S. Lessmann, M-C. Sung, and J.E.V. Johnson (2010) Alternative methods of predicting competitive events: An application in horserace betting markets, 26:518-536, DOI: 10.1016/j.ijforecast.2009.12.013

 

considered how to predict horse races. The motivation of the article was actually to try and predict competive events such as political elections and (of course) sporting events, although the paper was really a large scale (1000 races,  12,092 runners) study. The paper concluded that their proposed model was able to provide an increase in wealth of just over 528% if using a Kelly (Kelly, J. L. (1956). A new interpretation of information rate. The Bell System Technical Journal, 35, 917–926) strategy, with reinvestment.

 

Considering other sports, such as football (the UK version), a couple of examples of predicting matches can be found in Economics, Management and Optimization in Sports, Springer, 2004, ISBN: 3-540-20712-0

In Using Statistics to Predict Scores in English Premier League Soccer (John S. Croucher, pp 43-57), various models are presented that attempt to fit the number of goals scored by each team. The best model found had a Poisson distribution.

Another paper from the same book (Modelling and Forecasting Match Results in the English Premier League and Football League (Stephen Dobson and John Goddard, pp 59-77)) considers about 30 seasons of data. This paper also uses a statistical method, but assigns probabilities to win, lose or draw, rather than trying to predict the number of goals scored. This paper also provides a good overview of previous work in this area.

 

I suppose, the stock market is one area that has been widely studied with respect to prediction, with an eye on turning a profit. There have been hundreds (if not thousands) of papers that look at ways to predict stock prices, interest rates, inflation etc.

 

Maybe, not surprisingly, there has been limited reporting in the scientific literature as to whether anybody has made (or makes) money from the methodologies that they have developed. After all, if you have a successful system, why tell everybody about it (which is one of the major arguments as to why would you buy a system/tips from a service on the internet).

 

What I would actually like to see is a lot more scientific papers not only reporting their predictive systems but also how much money was made, over what period of time and if the system is in daily/weekly use at the time of writing.

Of course, the system needs to reproducible (as should all good scientific writing).

However, if the system is successful, the author(s) might be unwilling to reveal its secrets but might still want to let the world know about its effectiveness. Under these circumstances I have a few ideas as to how this could be done.

  1. In the run up to publishing the paper, the authors make a series of predictions and lodges them with a reputable source. This could be another scientist, a lawyer, or even published on a web site that can be verified from a date/time point of view. The important thing is to ensure that the predictions can be verified as being made in advance of the event.
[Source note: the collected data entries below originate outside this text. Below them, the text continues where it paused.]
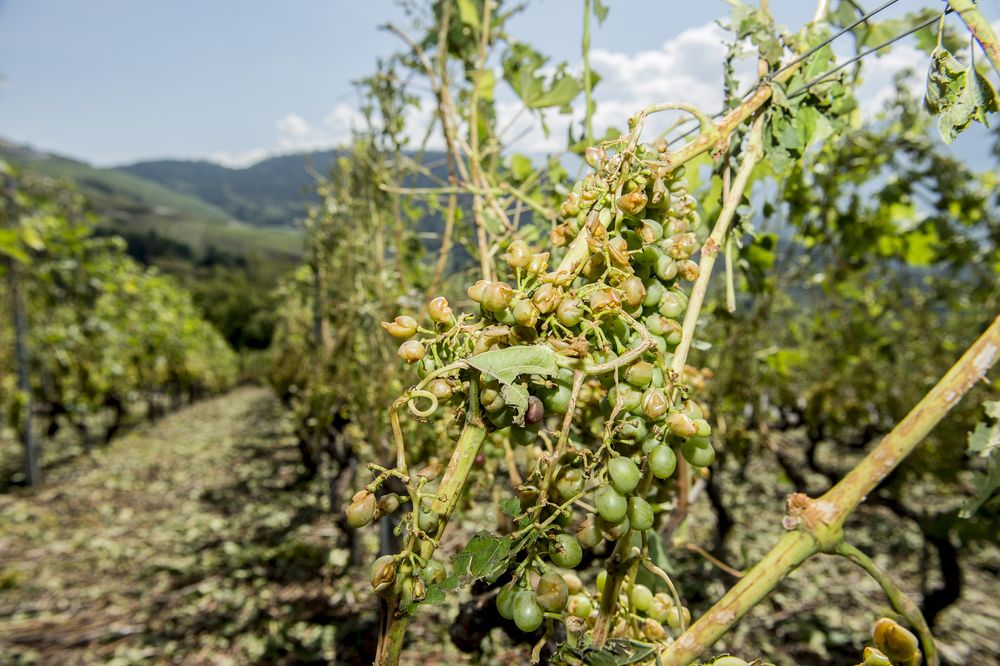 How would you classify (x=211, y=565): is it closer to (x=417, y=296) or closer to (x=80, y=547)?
(x=80, y=547)

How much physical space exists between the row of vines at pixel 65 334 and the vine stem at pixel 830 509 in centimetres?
979

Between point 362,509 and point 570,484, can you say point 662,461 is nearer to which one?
point 570,484

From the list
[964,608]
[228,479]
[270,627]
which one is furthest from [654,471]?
[228,479]

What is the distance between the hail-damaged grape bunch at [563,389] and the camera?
2.34 feet

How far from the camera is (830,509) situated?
0.69 metres

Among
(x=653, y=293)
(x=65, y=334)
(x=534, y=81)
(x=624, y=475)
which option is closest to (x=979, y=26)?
(x=653, y=293)

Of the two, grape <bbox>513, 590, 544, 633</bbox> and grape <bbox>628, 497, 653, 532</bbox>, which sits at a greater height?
grape <bbox>628, 497, 653, 532</bbox>

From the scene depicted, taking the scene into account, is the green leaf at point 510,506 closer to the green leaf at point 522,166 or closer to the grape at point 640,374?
the grape at point 640,374

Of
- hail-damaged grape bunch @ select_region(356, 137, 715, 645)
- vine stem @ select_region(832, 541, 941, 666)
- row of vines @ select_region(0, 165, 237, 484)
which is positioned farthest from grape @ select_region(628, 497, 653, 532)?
row of vines @ select_region(0, 165, 237, 484)

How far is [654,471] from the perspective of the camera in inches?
30.1

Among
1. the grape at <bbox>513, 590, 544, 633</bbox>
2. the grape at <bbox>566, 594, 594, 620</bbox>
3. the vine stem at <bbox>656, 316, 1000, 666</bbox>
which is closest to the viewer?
the vine stem at <bbox>656, 316, 1000, 666</bbox>

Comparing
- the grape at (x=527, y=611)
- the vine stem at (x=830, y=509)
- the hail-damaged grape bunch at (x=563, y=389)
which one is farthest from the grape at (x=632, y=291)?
the grape at (x=527, y=611)

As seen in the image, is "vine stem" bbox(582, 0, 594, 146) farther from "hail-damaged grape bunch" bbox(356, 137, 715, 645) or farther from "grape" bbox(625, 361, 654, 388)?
"grape" bbox(625, 361, 654, 388)

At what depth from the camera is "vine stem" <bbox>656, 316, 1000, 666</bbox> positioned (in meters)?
0.65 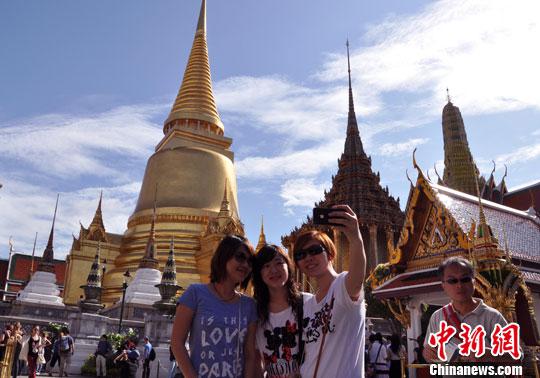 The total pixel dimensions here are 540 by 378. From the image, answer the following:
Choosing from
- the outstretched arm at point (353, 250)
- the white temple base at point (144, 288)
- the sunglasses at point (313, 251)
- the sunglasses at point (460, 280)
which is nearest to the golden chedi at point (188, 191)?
the white temple base at point (144, 288)

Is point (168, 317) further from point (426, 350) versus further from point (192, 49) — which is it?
point (192, 49)

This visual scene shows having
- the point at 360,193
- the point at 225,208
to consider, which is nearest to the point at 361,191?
the point at 360,193


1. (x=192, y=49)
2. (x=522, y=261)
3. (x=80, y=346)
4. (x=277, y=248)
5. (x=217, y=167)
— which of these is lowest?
(x=80, y=346)

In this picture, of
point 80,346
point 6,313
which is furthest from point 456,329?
point 6,313

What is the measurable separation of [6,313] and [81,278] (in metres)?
6.28

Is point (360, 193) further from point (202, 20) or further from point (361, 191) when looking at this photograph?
point (202, 20)

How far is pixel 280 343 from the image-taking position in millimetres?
2521

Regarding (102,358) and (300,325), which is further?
(102,358)

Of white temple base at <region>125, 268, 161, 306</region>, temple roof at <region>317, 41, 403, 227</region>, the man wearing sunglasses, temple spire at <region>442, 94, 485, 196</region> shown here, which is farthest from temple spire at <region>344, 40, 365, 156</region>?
the man wearing sunglasses

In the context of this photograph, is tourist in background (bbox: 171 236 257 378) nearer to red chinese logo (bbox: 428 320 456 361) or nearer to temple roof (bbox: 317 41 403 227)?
red chinese logo (bbox: 428 320 456 361)

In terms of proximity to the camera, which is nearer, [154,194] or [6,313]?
[6,313]

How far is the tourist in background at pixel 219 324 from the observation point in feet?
7.95

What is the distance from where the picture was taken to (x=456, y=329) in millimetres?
2541

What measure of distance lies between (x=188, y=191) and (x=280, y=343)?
2767cm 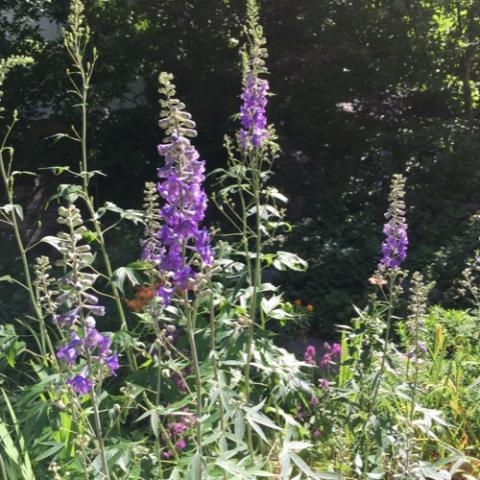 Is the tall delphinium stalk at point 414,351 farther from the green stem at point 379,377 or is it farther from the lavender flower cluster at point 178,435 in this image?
the lavender flower cluster at point 178,435

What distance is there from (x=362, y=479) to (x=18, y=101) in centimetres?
681

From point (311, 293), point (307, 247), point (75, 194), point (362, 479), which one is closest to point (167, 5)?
point (307, 247)

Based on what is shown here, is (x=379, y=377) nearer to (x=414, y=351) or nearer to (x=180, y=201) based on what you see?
(x=414, y=351)

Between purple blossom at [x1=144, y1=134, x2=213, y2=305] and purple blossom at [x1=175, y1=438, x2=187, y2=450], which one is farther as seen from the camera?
purple blossom at [x1=175, y1=438, x2=187, y2=450]

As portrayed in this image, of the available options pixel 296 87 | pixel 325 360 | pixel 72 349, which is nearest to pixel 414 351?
pixel 325 360

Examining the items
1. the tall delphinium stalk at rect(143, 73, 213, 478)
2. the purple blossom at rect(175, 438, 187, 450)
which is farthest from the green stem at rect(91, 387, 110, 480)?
the purple blossom at rect(175, 438, 187, 450)

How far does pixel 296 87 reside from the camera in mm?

If these predictions were made over a period of (say) six months, then this could form part of the results presented in a paper.
  2. It is, of course, uderstandable that authors do not want to publish the full details of their winning methodology in a scientific paper but, as scientists, we like to publish our work. The scientific community should be understandable of this, in the same that they are accepting that sometimes certain factors must be kept confidential due to commercial sensitivities. Therefore, the general methodology could be described but omitting key points (and being upfront about that) but, if combined with 1), above, then this could still make a contribution to the scientific literature.

 

An attractive alternative would be to run a prediction competition (see Kaggle, who are doing excellent work in this area), where competitors are given a set of data and asked to provide predictions on the outcome of sporting events; ideally those that have not taken place yet.

 

In summary, I would really like to see more reporting (on a sicientific basis) of sports predictions which are unasheamedly about trying to return a profit, as this is an under represented area at the moment. Why not have a go?

 

Note: I entered this blog entry into the INFORMS blog competition. The March 2011 competition was O.R. and Sports.
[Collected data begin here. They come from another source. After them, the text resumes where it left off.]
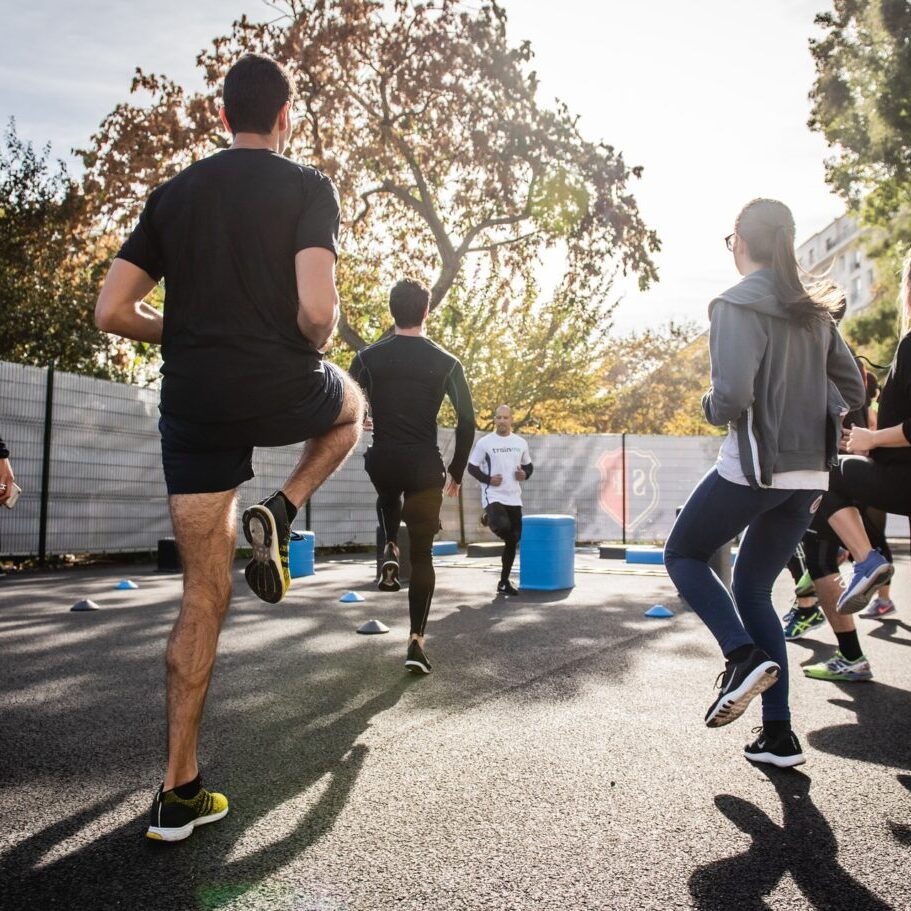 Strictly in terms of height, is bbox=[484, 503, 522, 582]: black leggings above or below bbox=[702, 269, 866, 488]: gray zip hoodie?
below

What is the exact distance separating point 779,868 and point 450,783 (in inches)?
40.5

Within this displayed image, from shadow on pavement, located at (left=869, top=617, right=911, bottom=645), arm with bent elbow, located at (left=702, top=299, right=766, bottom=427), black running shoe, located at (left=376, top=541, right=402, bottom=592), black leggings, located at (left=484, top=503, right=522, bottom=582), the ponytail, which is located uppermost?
the ponytail

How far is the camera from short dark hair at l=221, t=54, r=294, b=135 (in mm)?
2604

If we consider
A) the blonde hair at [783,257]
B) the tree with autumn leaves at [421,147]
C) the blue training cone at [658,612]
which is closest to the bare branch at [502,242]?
the tree with autumn leaves at [421,147]

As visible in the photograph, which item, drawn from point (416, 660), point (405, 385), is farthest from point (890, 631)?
point (405, 385)

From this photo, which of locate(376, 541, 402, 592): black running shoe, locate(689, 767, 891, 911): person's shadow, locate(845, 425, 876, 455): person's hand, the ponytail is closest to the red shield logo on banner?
locate(376, 541, 402, 592): black running shoe

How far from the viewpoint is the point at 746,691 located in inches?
114

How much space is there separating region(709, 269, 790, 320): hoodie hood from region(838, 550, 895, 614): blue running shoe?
151 cm

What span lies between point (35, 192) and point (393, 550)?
1653 centimetres

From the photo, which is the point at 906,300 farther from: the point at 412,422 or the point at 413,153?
the point at 413,153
Football Prediction: A decision to be made

Today I have been working on my research that is investigating if it is possible to predict the outcome of football matches. The measure I will eventually use, to see if the predictions can be considered successful, will include if it can make money at the bookmakers, if it it more successful than other tipsters etc.

One of the functions I have in my system is to be able to generate the league table for a given date. That is, taking into account the fixtures played to date, generate the league table for any point in the season.
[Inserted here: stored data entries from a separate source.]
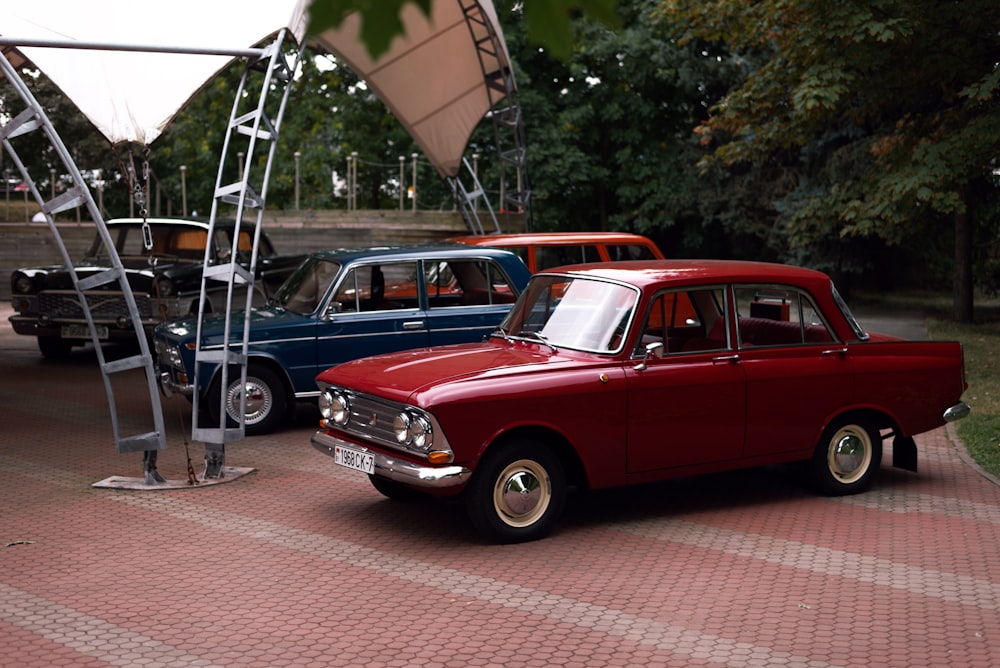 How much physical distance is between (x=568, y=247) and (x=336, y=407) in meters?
6.71

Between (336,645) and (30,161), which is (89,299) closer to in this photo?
(336,645)

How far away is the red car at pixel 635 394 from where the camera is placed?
24.7ft

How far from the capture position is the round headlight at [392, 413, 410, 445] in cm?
752

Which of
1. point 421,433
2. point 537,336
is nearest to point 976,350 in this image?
point 537,336

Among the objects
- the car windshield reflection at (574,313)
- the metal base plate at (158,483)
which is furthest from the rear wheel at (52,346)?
the car windshield reflection at (574,313)

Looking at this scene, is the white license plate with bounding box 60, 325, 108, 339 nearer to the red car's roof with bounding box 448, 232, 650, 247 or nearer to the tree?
the red car's roof with bounding box 448, 232, 650, 247

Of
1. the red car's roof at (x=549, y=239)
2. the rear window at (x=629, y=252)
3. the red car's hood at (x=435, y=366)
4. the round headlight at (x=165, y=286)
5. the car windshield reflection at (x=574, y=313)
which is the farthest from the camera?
the round headlight at (x=165, y=286)

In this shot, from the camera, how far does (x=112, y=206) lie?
43.6m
I believe that my function is working correctly and today I was carrying out some tests to see if the league tables I generated were:

  1. Correct at the end of the season. That is, taking into account every match played, is my input data correct and does my algorithm process that data correctly.
  2. Does my algorithm, given a date, generate the correct table for that point in the season.

I initially thought that point 2 would be very time consuming to check but I found a very useful web site. http://www.statto.com is not only a very useful web site (for all sorts of reasons) but one of the facilities it offers is to generate a league table for a particular point in the season.

When doing my checks (and there are still a lot more to do), I have found some problems where my generated tables are not correct. This is almost certainly down to my inputting the results incorrectly, so I need to check all those.

However, my checks also highlighted another problem. Actually, I knew this was something that I needed to address but I had not really thought it through.

The problem arises when teams having points taken away. I knew that this happened and I had yet to include it in my system so I was expecting the tables not to match exactly.

However, I had assumed that the points were deducted at the start of the season but this does not seem to be the case. It appears that the points can be deducted at any time in the season.
This is not too much of an issue. It just makes the programming more complex than I had hoped.

The real issue is what do I do when a team has had points deducted?

Let me give you an example. A team has won 3 games and drawn 2. That means that they have received 11 points (you get 3 points for a win and 1 point or a draw). But, if they have had 10 points deducted then they will only have 1 point. This obviously affects their league position. If I am using the league position as one of the contributory factors in my predictive model, is this fair – or should I ignore the points deduction for the purposes of prediction?
On the other hand, their league position, with the points deduction, may affect the way they play, and could be a factor in the prediction.

I’m not quite sure what I am going to do yet.

Football (Soccer) Prediction: Data Collection (#002)

If you have read previous versions of this blog you’ll know that a) I have an interest in trying to predict football (soccer) matches and b) I am currently developing a system (as a research project) that I hope to get up and running in the next month or so.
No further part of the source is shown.